»»

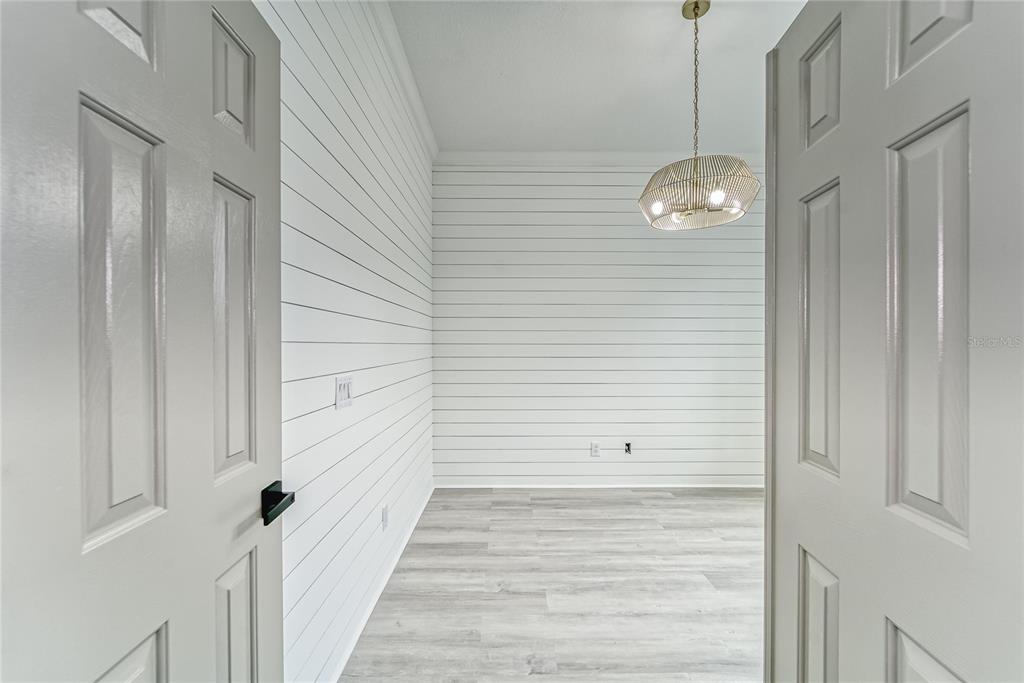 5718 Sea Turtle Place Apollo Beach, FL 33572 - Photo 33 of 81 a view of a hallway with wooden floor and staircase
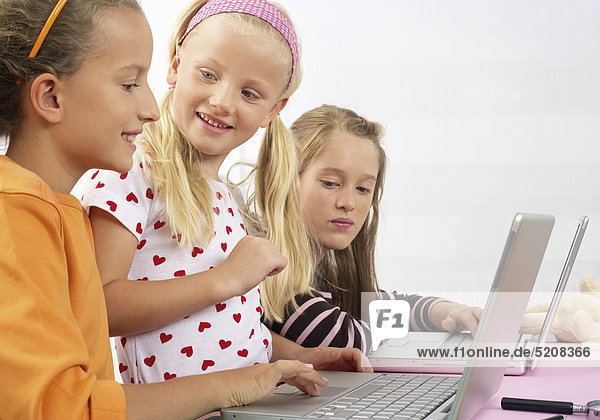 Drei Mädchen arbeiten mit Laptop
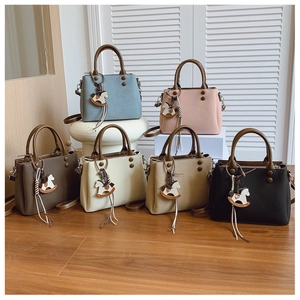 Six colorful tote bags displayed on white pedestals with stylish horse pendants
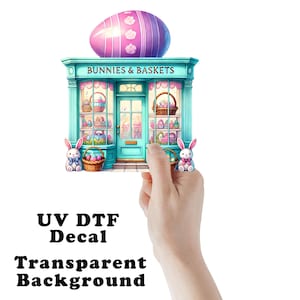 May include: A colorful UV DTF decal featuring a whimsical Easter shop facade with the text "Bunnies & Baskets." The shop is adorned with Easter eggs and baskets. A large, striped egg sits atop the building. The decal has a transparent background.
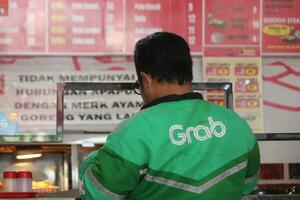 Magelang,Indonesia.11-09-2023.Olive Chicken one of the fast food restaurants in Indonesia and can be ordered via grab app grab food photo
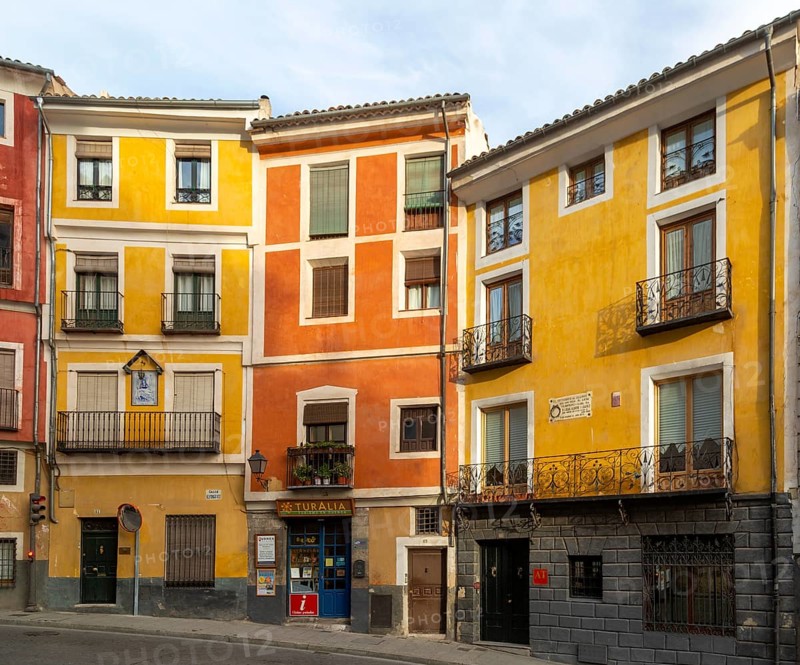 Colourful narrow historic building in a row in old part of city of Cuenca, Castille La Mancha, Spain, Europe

««

- [TASK]: The answer must be an exact transcription of the lines from the one holding "Magelang,Indonesia.11-09-2023.Olive Chicken one" to the last line of the entries above, with no pictures and nothing else.

- [TASK SOLUTION]:
 Magelang,Indonesia.11-09-2023.Olive Chicken one of the fast food restaurants in Indonesia and can be ordered via grab app grab food photo
 Colourful narrow historic building in a row in old part of city of Cuenca, Castille La Mancha, Spain, Europe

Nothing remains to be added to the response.